7.  Snyder’s-Buffalo-Chicken-Wing-Pretzel shake:  Soften the pretzels with a little concoction of Ranch + Bleu Cheese.  Need I say more?

6.  Actual-Buffalo-Chicken-Wing shake:  See #7.  This has more protein so it’s higher on the list.

5.  Lobster-Butter shake:  Costly.

4.  Bacon-Egg-&-Cheese shake:  This will definitely burn in the back of your throat as it goes down.  Especially if you’re like me and ask for Pepper-Jack cheese.  The best.

3.  Ruby-Tuesdays-Apps-Sampler shake:  Mozzarella Sticks, Jalapeno Poppers, Chicken Strips, Queso Dip and Southwestern Spring Rolls.  Chum this up with a Diet Coke to save on calories.

2.  Numbers-6-and-7-combined shake:  Add extra ranch-bleu cheese potion, and make sure there’s a football game on.  And a doctor nearby with stockpiles of Plavix.

***DRUM ROLL***

1.  Chocolate-with-turduckin-and-garlic-mashed-potatoes-and-cranberry-sauce-and-fuck-it-why-not-put-some-butternut-squash-casserole-in-their-too:  This is the only one of these that actually sounds good.  I think it speaks to the power of chocolate to make anything good.

-M

introducing the pope at Yankee Stadium

April 18, 2008

PRIEST:  (muttering)  PopePopePope…OK here we go.(clears throat)

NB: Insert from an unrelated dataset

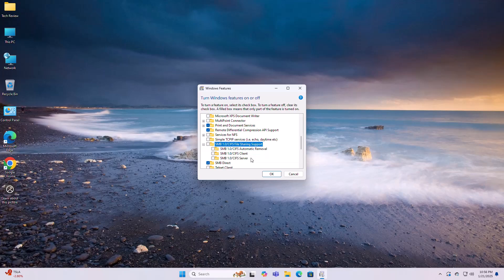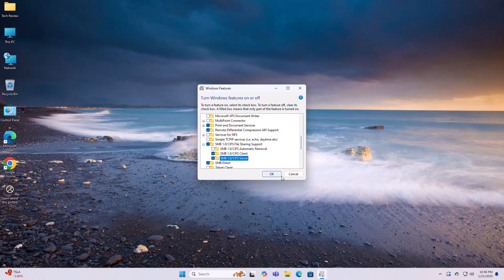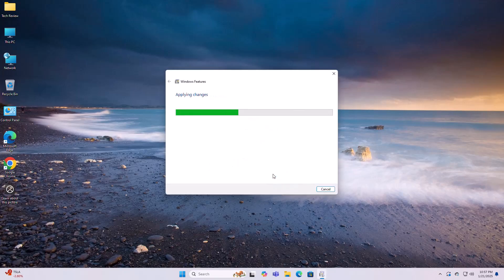Next to SMB 1.0/CIFS client and SMB 1.0/CIFS server, click OK. Windows will enable the selected features.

Good afternoon, citizens of this great nation.  We are blessed here this day, because we are joined by a special guest.  No, it’s not my cousin Frank – the esteemed “Hot Dog King” of Newark, New Jersey, though Frank is in the audience with you.  Hello, Frank.  Frank please stand and wave to everyone.  That’s my brother Frank everyone, as you know.

The man I am introducing to you today is not any man.  By that I don’t mean that he’s a woman.  I mean he’s a he, of course.  I just referred to him as a he.  He’s more than a man is what I mean.  He’s the man who has the ear of God.  Or he has God’s ear.  No no God has his ear.  To count on.  He listens to God, much like you and I do when we pray, only he hears it better.  He hears God in HD-THX Quality sound, where as we have bunny ears on our religious televisions.  And no component stereo system.

He does much good for the world; he rides around in a little special car with bulletproof glass on it, and that shows the world that no one is safe, not even the man who has God’s ear.  Who God’s ear he has.  I wonder if God told him that he should make a tiny car with green glass on it to keep safe.  But I seriously question the structural integrity of such a wimpy looking vehicle.  Honestly, who’s going to go after the Pope with a handgun, or even a sniper rifle?  I’m thinking anyone who really wants to take out the Pope is using rockets.  Right?  Am I right?

Frank, you think rockets?  See, yeah, rockets.  Franksy and I; eye-to-eye on this one.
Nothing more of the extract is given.